Palo Alto Networks Secures AI Data Centre Infrastructure
Palo Alto Networks has unveiled an expanded security ecosystem designed to protect what the company describes as 'AI Factories', the infrastructure backbone supporting AI workloads.
The initiative addresses security requirements across high-performance data centre environments through to autonomous edge deployments, with a focus on protecting sovereign AI infrastructure without compromising operational performance.
Announced at MWC 2026 in Barcelona, the ecosystem brings together partnerships with Nokia, U Mobile, Aeris and Celerway Communication.
The collaborations aim to secure both physical and digital elements of AI infrastructure, encompassing hyperscale data centres, telecommunications networks and distributed edge sites.
As AI workloads increasingly require multi-terabit throughput and dense compute clusters, operators are reconsidering not only power and cooling architectures but also how security can be embedded at every layer of the technology stack.
"We are establishing the secure foundation for the AI economy through extensive ecosystem collaboration," says Anand Oswal, Executive Vice President at Palo Alto Networks.
"By seamlessly integrating our AI-powered security services directly from the datacenter into the most vital 5G and IoT networks globally, we are ensuring the AI Factory is secure by design.
"These partnerships enable us to create a secure digital infrastructure capable of managing the multi-terabit throughput required for training AI models."
Nokia collaboration targets European facilities
A key element of the announcement is a partnership with Nokia focused on supporting European AI gigafactories.
The collaboration combines Nokia's AI data centre infrastructure with Palo Alto Networks' security platforms, with both companies positioning the joint architecture to address data sovereignty requirements alongside performance and scalability needs.
As European operators develop large-scale AI facilities, validated frameworks that extend security from the network layer into workloads are becoming a priority consideration.
The partnership aims to deliver comprehensive architectural frameworks that can scale with enterprise demands.
"In the race to build the world's AI Factories, you cannot leave the door open at the infrastructure layer," says Greg Dorai, Senior Vice President and General Manager, IP Networks at Nokia.
"Nokia and Palo Alto Networks jointly envision comprehensive architectural and operational frameworks that expand security solutions from the network layer to workloads. The validated architecture will allow our customers to build future-proof, sovereign data centres.
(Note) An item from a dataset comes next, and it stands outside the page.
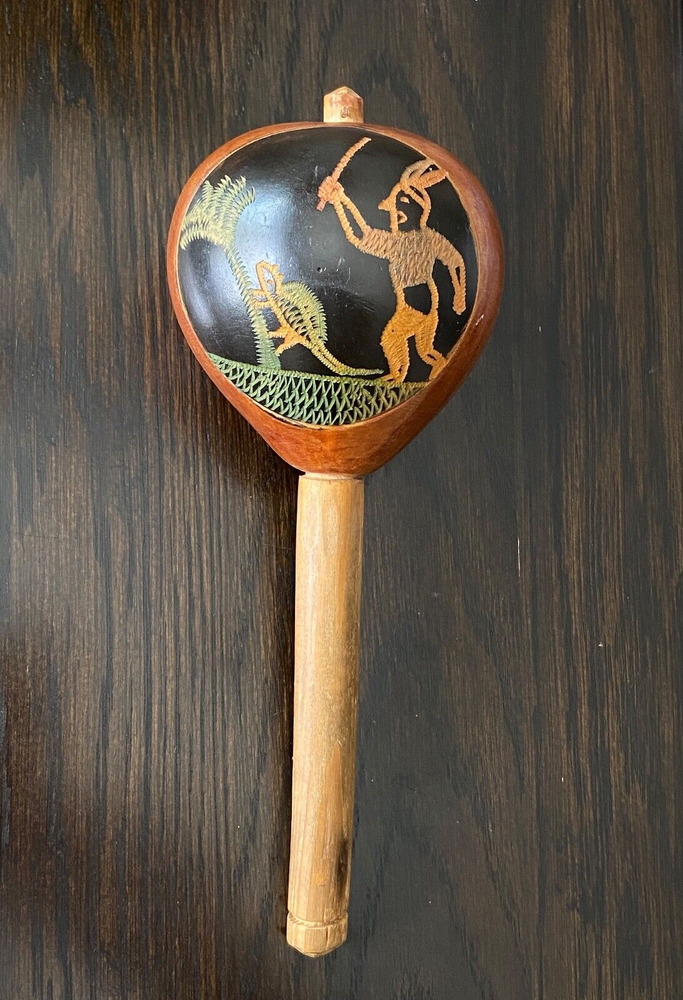 Handmade Maraca Shaker from Santomé with Carving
"We aren't just providing connectivity, we are protecting the physical and digital integrity of industrial digitisation at scale."
The validated architecture is designed to allow customers to build future-proof, sovereign data centres that meet both security and performance requirements.
Integration across telecom and IoT networks
Beyond core data centre environments, Palo Alto Networks is extending its ecosystem into telecommunications and IoT infrastructures that supply data to AI platforms.
New partnerships with U Mobile, Aeris and Celerway Communication address security requirements across these distributed environments.
In Malaysia, the company has signed a memorandum of understanding with 5G provider U Mobile to develop a network-embedded security as a service offering.
By integrating next-generation firewalls and AI-driven security directly into 4G and 5G infrastructure, the partners aim to provide integrated protection for consumer and enterprise users.
The Aeris partnership addresses large-scale IoT deployments.
By integrating Aeris IoT Watchtower with Prisma SASE 5G, enterprises could apply data loss prevention and zero trust policies to millions of wireless devices from a single control point.
For sectors including healthcare, manufacturing, retail and utilities, this approach could reduce the attack surface created by connected devices that feed data into AI systems.
The integration aims to provide centralised visibility and control across distributed IoT environments.
Distributed edge environment protection
Celerway Communication adds another dimension by extending data centre-class protection to distributed edge environments.
Integration with Palo Alto Networks VM Series Next Generation Firewalls enables 5G edge devices used by first responders and remote teams to maintain encrypted data integrity and consistent security posture, even in high-mobility or remote locations.
The combined ecosystem reflects a shift in how operators approach AI factory design. High-performance clusters, liquid-cooled racks and dense interconnects represent only part of the infrastructure equation.
Securing training pipelines, inference services and data flows from edge to core are emerging as fundamental considerations in AI infrastructure planning.
The partnerships announced by the company demonstrate an industry-wide recognition of security as a foundational element.
By aligning data centre security platforms with telecommunications networks and IoT management layers, Palo Alto Networks and its partners are seeking to embed security controls directly into AI infrastructure builds.
For organisations investing in sovereign AI capacity, the approach centres on validated architectures that integrate network, workload and edge protection within a unified framework.